Toys: A Weird Heat Companion

So often, toys are associated with children. Toys are a child’s ultimate gift for birthdays and holidays. Later, that same child will discard toys around the house, declaring he or she are ready for new ones. Then, gifts slowly shift from flashy games to clothes and childhood is regrettably over. Even if someone is too old for playing with a yo-yo, though, this does not mean that person is too old for playing in general. People are never too old for toys. It just may require a redefinition.

Toys are synonymous with fun and relaxation. When we are children, toys are more traditional. The list is seemingly never-ending: dolls, games, cars, puzzles, skateboards, blocks, and so on, with specific sub-categories for each item. They are things we use in time of leisure, which is why a motorcycle may be a “toy” to an adult.

As we grow older, toys—at least traditional ones—become less active and more passive. As children, we acquire toys so we can put together stories. We have Ninja Turtles playing with Transformers because we are able to invent stories. When we grow older, though, we lose some free time, and those toys become more collectible than playthings. Does this mean adults lose creativity or imagination over time?

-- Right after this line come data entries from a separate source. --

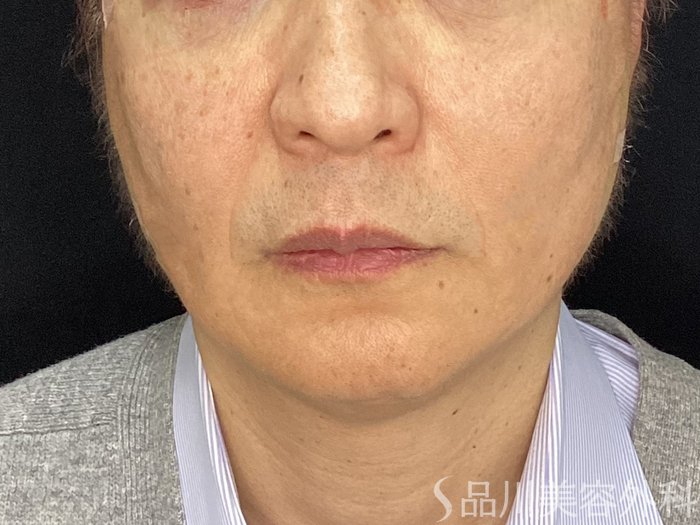 症例NO.72734のAFTER写真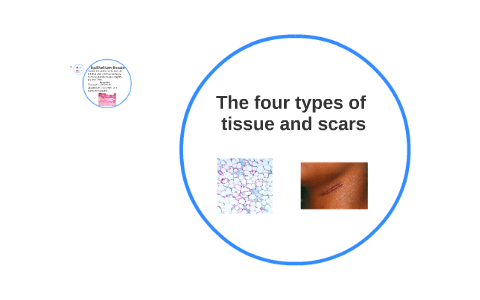 Scar tissue is a variety of what type of tissue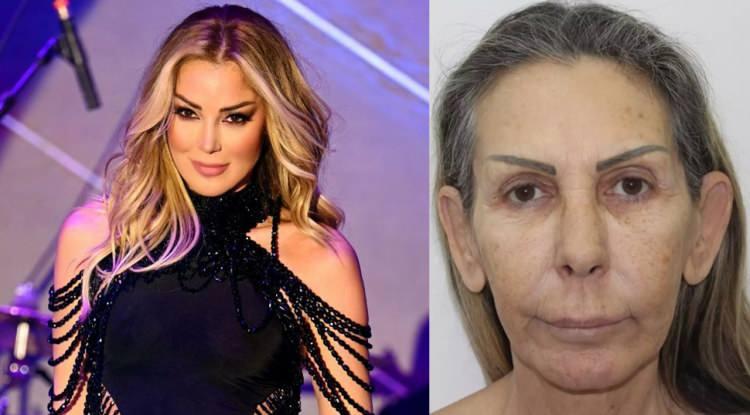 Petek Dinçöz'ün annesi estetik yaptırdı! Resmen tanınmaz halde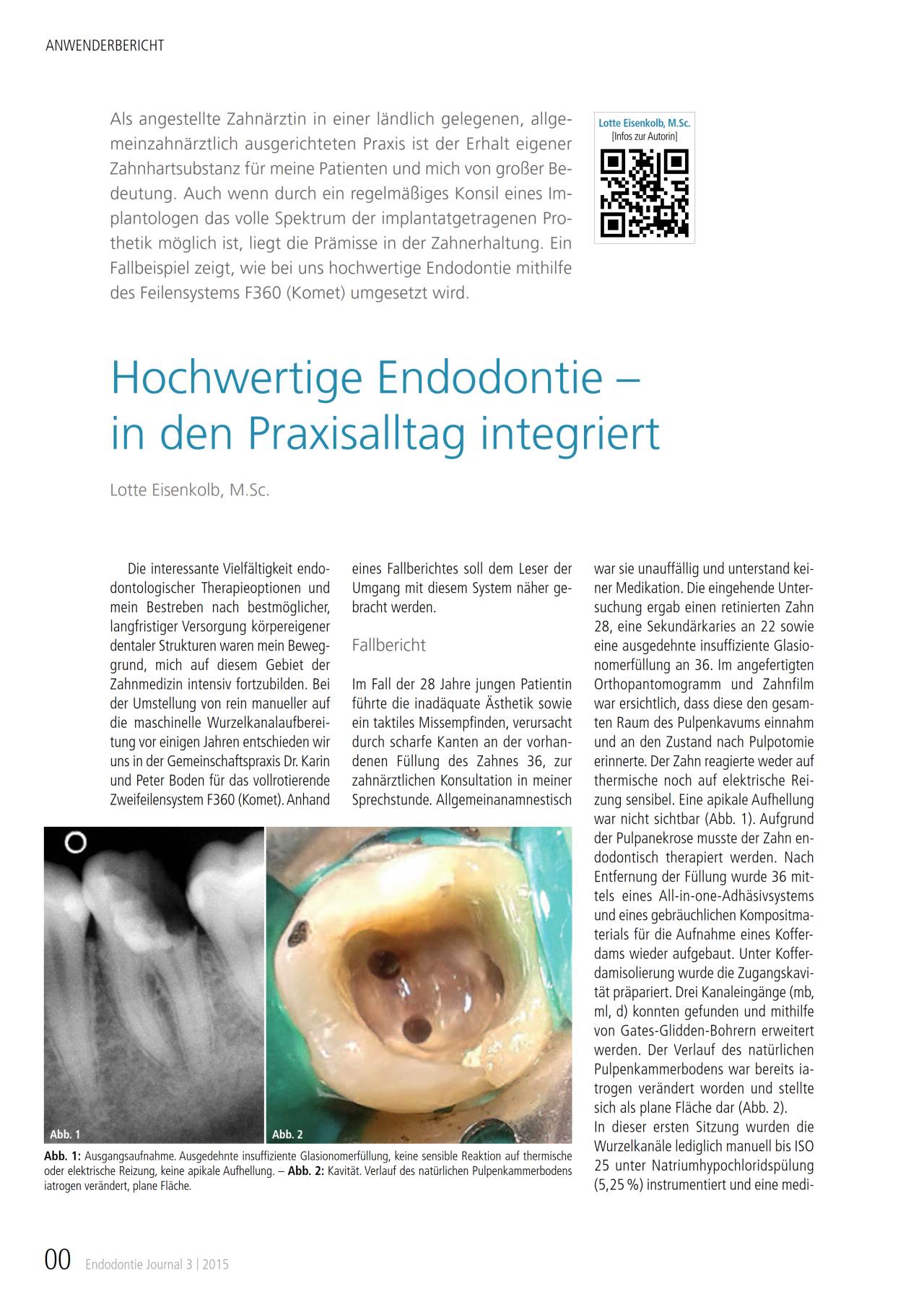 komet-dental-fq-f360-fachbericht-endodontie-08-2015 image 1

For some, this is quite possibly true. On the other hand, a positive way to consider this is that, as adults, we appreciate the original medium the toy represents. As a fan of Star Wars, for an easy example, a child may use toys act out scenes or create new ones, while an adult buys because they enjoy the original story.

Another evolution of toys as we age is the price. What we spend on toys increases over time. This applies to both traditional toys (such as high-end reproductions of action figures) to what else we may refer to as a toy (like a motorcycle). This is because when we are young, we have to rely on others getting toys for us. Then, when we have a disposable income, we can turn it into an investment in our leisure. Almost anyone would likely say, however, that the monetary value cannot replace the sentimental value of toys from youth.

Equally as exciting as the toys themselves are the commercials that sell them. Over time, the technology of toys has certainly changed. Of course, the sheer mechanics of toys now are far more advanced than generations past. At the same time, advertisements for toys become more state-of-the-art. Regardless of how old a person is—and this may speak more to the effectiveness of marketing—toy commercial never fail to captivate. Toy commercials are emblematic of the generation of their release.

Some may view picking up a skateboard at 27 as a sign of immaturity. Possibly, it seems like a partway-through-life crisis. Whatever the case may be, people need a way to express themselves in times of leisure. Whether that is a traditional toy for children like an action figure or a “toy” for adults like an electric guitar, it is important to have a way to play.